One significant barrier to the scholar hoping to answer the question of 18th century stringing is the complete lack of standardization. Method books of the late 18th and early 19th centuries are arguably the most enlightening source of information on the subject. These methods paint a picture of a world of heated disagreement, both between harp makers and harpists themselves, on the proper stringing of the instrument.
In his Méthode, thought to have been published ca. 1810, harp builder Jacques-Georges Cousineau advocates for a strict adherence to the ton de l’Opéra de Paris, praising this diapason as the lowest of all orchestras and thus the most appropriate for the harp, and warns against tuning to a higher pitch.9 Mme. de Genlis, similarly advocates for tuning to the ton de l’opéra in her 1811 method, while noting that she felt the “standard” gauge of strings of the time to be too light, stating that she prefers that the strings be thicker, stating the following:
“Je voudrois que les cordes fussent un peu plus grosses au même ton et par consequent plus tendues. C’est ainsi que je fais jouer mes élèves. Il faut beaucoup plus de force dans les doigts, l’exécution est plus difficile, mais le jeus plus net, le son plus beau. Il en résulte que les cordes tirant advantage sur la Harpe il faut des tables d’une grande solidité, sans quoi ells ne résisteroient pas à cette forte tension.”10
It is telling that later in the same text, Mme. de Genlis also describes Cousineau’s harps thusly—
"Les Harpes de Mr. Cousineau ont en général un beau son, mais ses tables sont faibles et ses mécaniques d'une extrême fragilité."11 (Genlis 1811, p. 11)

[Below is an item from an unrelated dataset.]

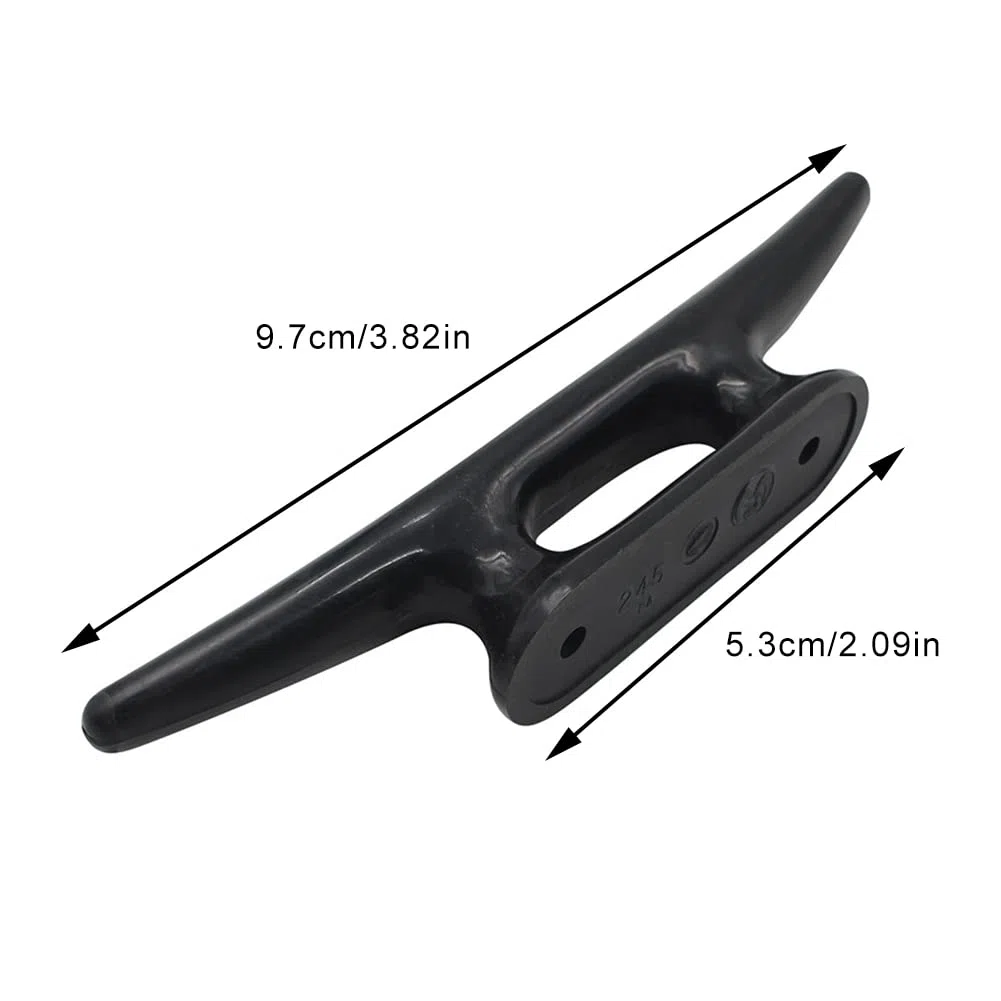 Bitta per Barca,Bitta per Ormeggio,Galloccia Pinzette Bacinella in Nylon,Nere in Canoa in Nylon,Kayak Canoa Barca Marina Cornice di Ancoraggio,Accessori per Bitte per Ormeggio a Fune,4 Pollici,2 Pzs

Guillaume-Pierre-Antoine Gatayes echoes de Genlis’ sentiments in his method book, claiming that “all harps are strung with strings that are too thin; it is true that this fault is that of the instrument, as the soundboard is too weak to resist the strong tension of thicker string; one must therefore, when one can, choose only harps that are very solid…” (Gatayes 1790). Robert-Nicholas-Charles Bochsa similarly encourages the use of heavier-than-standard strings in his 1820 Petite Méthode pour la harpe—
“Il est indispensable pour obtenir un beau son de la Harpe de la monter généralement en cordes un peu fortes. Par là on évite le son criard et frisé qu’ont toutes les Harpes montées en cordes trop fines.” (Genlis 1811, p. 12)12
Given the clear lack of true standardization of stringing during this period, it is hardly surprising that modern performers using period instruments (or indeed reconstructions thereof) rely on a combination of information gained from period string gauges, advice from these method books, and personal experimentation, experience, and tailoring to the specific needs of each instrument. This being said, today's performers, harp restorers, and scholars have generally agreed on a standard of stringing for most 18th and early 19th century harps, with crochet harps usually strung about two full octaves lighter than modern standard strings, such that, for example, a modern C5 string would be used on a French harp as a C3.